September 27, 2012

What's Wrong With Me?!! Part 3

So, let's recap the last couple of posts.

When I get discouraged, there is a wrong and a right way to respond.  I think that Psalm 119 is among the many Scriptural texts that speak to the proper response of a believer in the midst of discouragement.  It is more than a simple statement of facts regarding obedience to God's Word, it is an emotional response to some spiritual experience.
Whenever life points out our inadequacies or failures, the answer is not to focus on ourselves in inappropriate pity asking, "What is wrong with me?".  The answer is three-fold.

First, ask the right question.  Knowing God is sovereign and allows or initiates all things, ask,
"How do I respond to God's Sovereignty in this?".  This accomplishes two things:  I t will always drive us back to God's Word for Truth, encouragement, direction, and counsel.  Second, it will always lead us to a place of praise for who God is and what He is doing.

The second step is to purposefully and actively wait for God's re-appointment.  Whenever God let's disappointment into the life of a believer, He always re-appoints them for His intended purposes.  The great thing about His purposes is that they are always "good, perfect, and pleasing" (Romans 12:2) to Him and us for His glory and our fulfillment.
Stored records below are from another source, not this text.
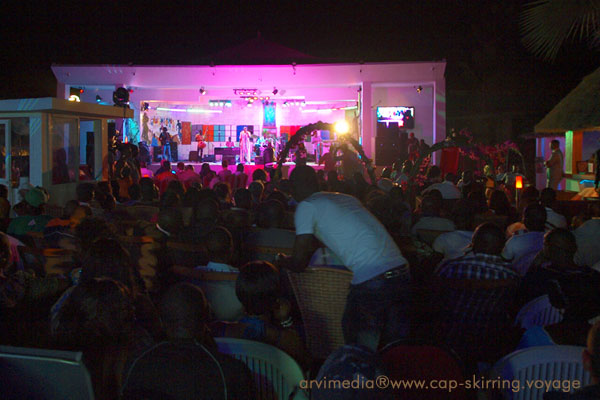 spectacle Cap Skirring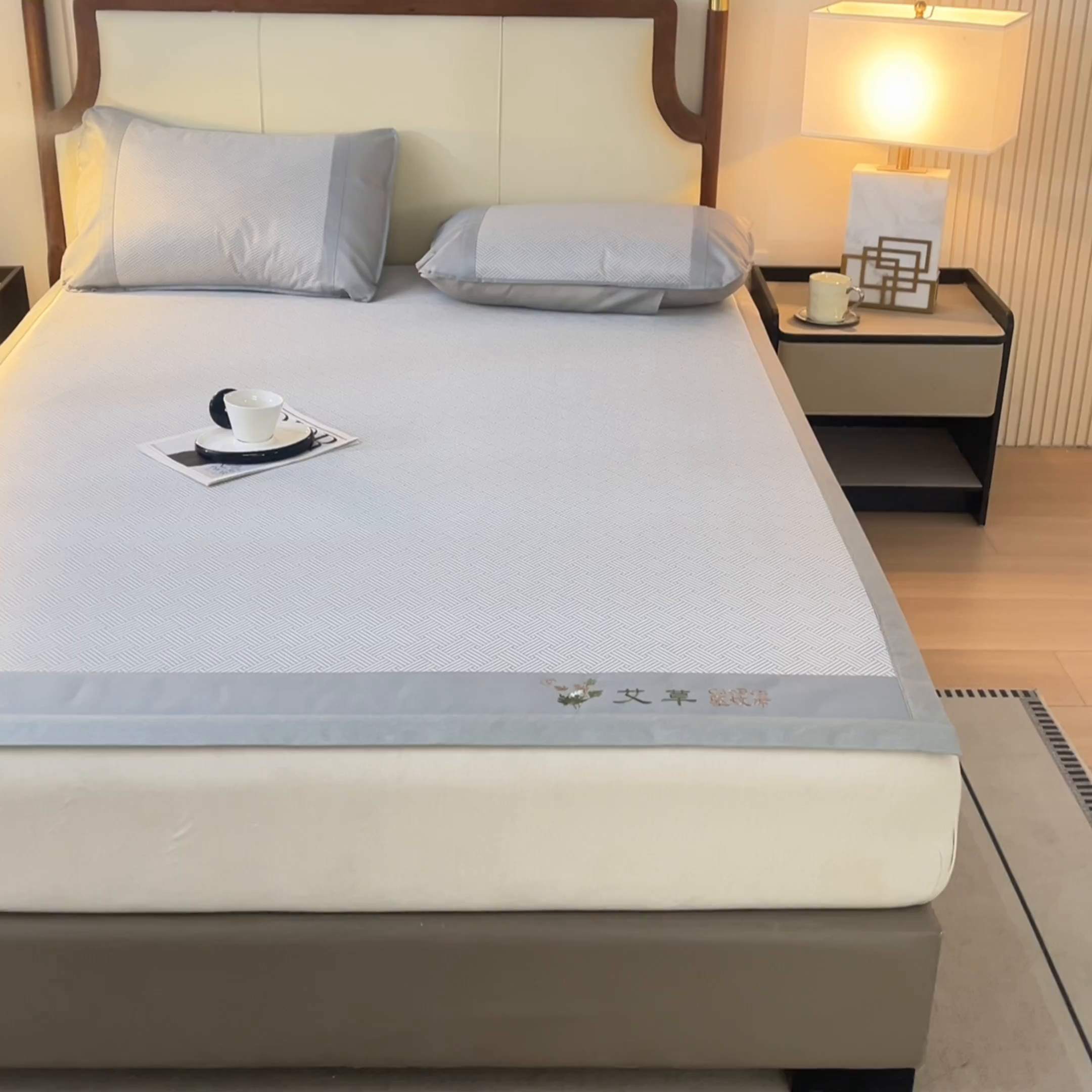 91家纺网 家纺一手货源 找家纺 航途席业 2025新款凉席三明治刺绣可水洗碳光冰丝席宽包边艾香系列 艾香冰丝席饼干-灰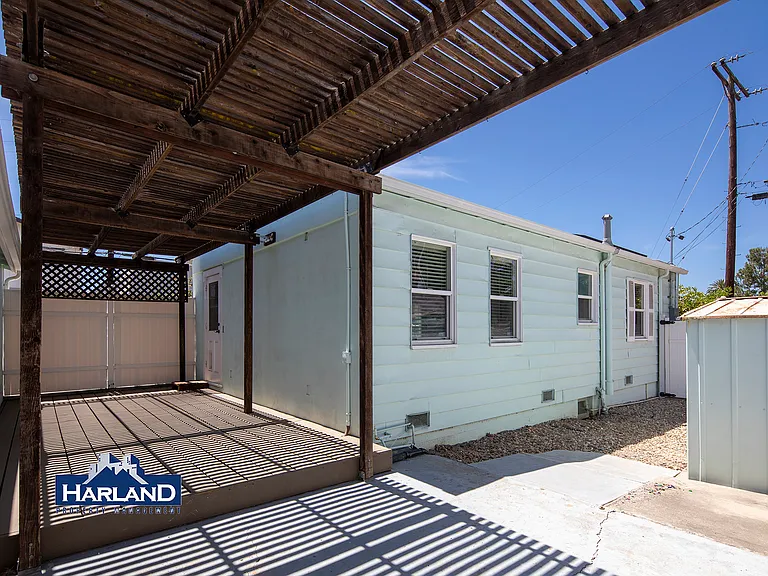 4255 Parks Ave — Photo 12
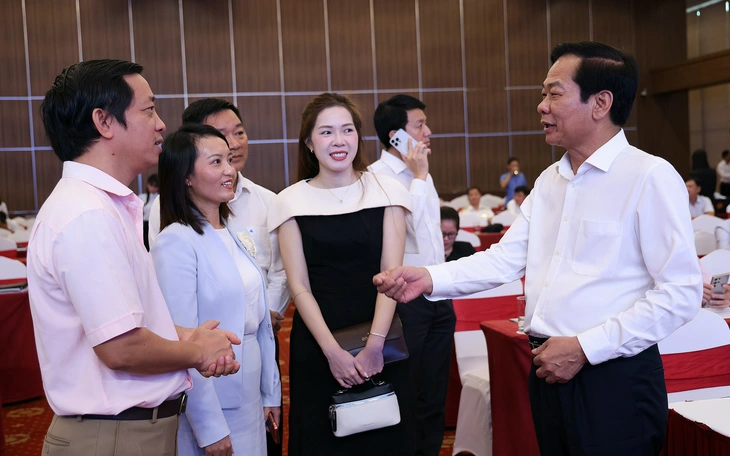 Hơn 200 cán bộ ở Cần Thơ tự nguyện về xã, phường công tác - Ảnh 2.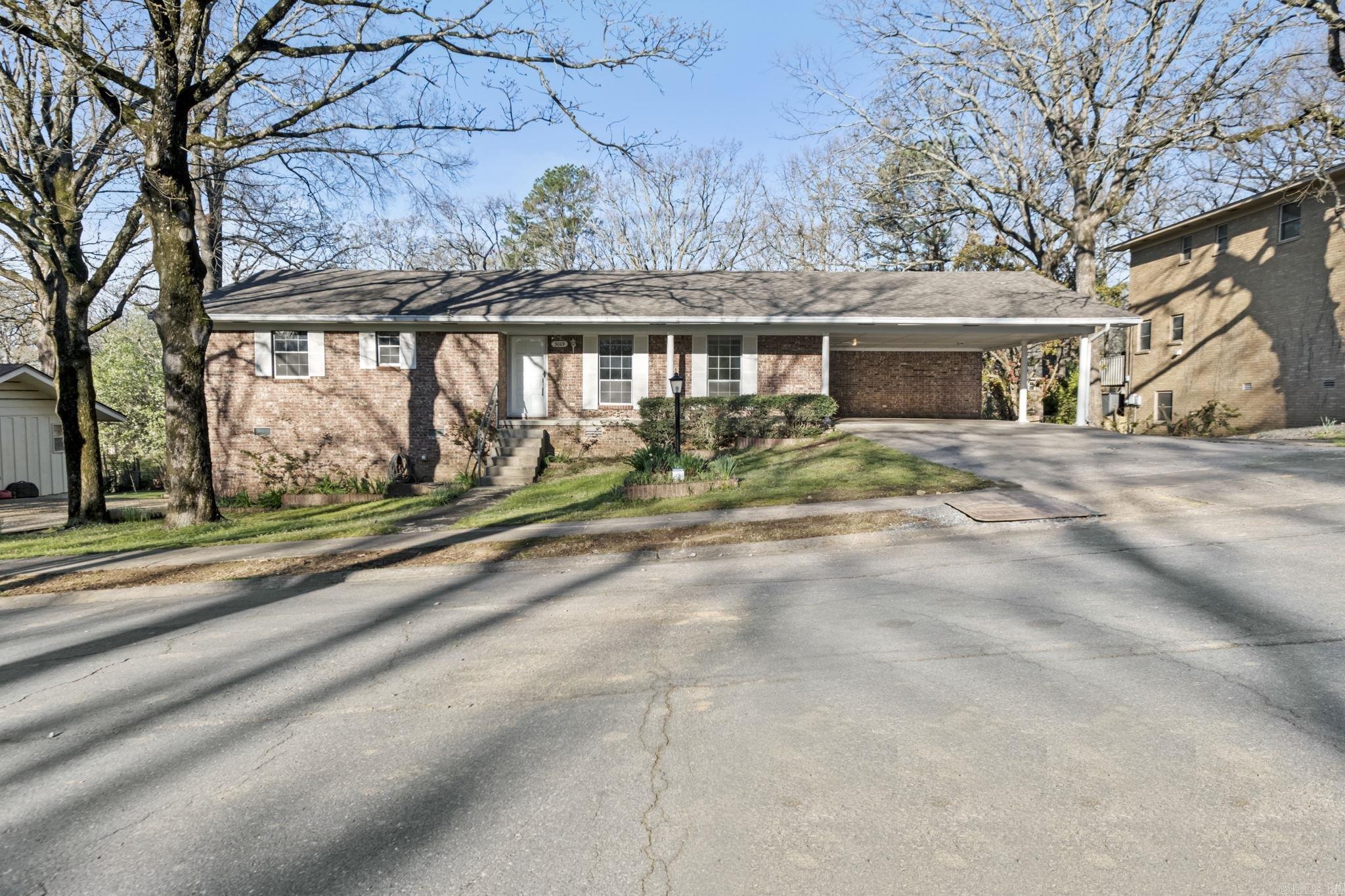 Cleburne Pl, North Little Rock, AR 72116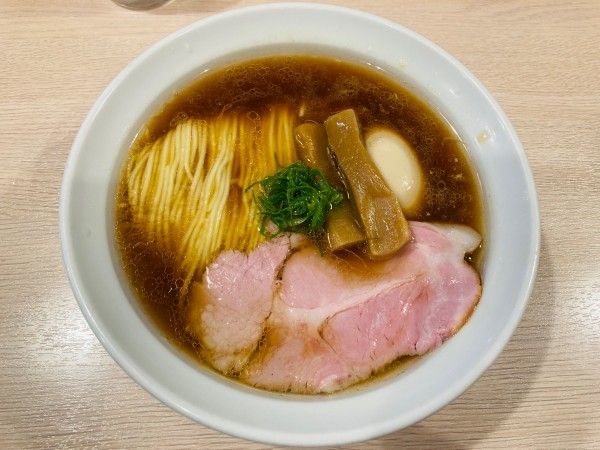 「味玉醤油らーめん」@麺笑巧真の写真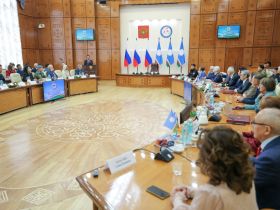 Глава Якутии вручил государственные награды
The third step is this:  Take account.  The life of the believer is about putting off the old and putting on the new.  We have been secured in Christ, made a new Creation, and given a promise of hope that will not disappoint.  But we are still disciples, and thus, we will still undergo discipline.  So I label this third step (which may be many smaller steps itself) Holistic Faith.
 It can happen to the most mature believer.  Why?  Because we're not perfect yet.  discouragement can come and can turn the sinful flesh to focus on the wrong thing or expect something that is not right to expect.  We should only expect what God has promised.  Many well meaning people expect things they believe the Bible should promise implicitly, but the reality is it simply doesn't.  A good way to take stock of this in your own life is to see if your expectations are found in scripture first.  If it's not, but you think it may be implied, then test it against these two questions:
1) Is it eternal in perspective?
and
2) Does it glorify God primarily?
This isn't foolproof, but I believe that under humble prayer (which usually follows discouragement), it will bring you into clearer focus.

When we take account of our life biblically after discouragement, we should be taking stock of how our faith is played out in all of our life.  Where has it suffered?  Where does it need nourishment and fortification again?  What areas of life has faith become a scapegoat or a crutch instead of the foundation we walk upon all-together?  As we strive to accomplish and see God's work in our lives, we must be striving to live out His Image Bearing righteousness in every area of our life, not just the immediately affected area.  This gives us plenty to work on and trust Him with, and leaves us little time to dabble in the fleshly mental beatings that sometimes accompany discouragement.  And once again, it drives us into the arms of our Savior and Lord.

I hope you find comfort and encouragement in this.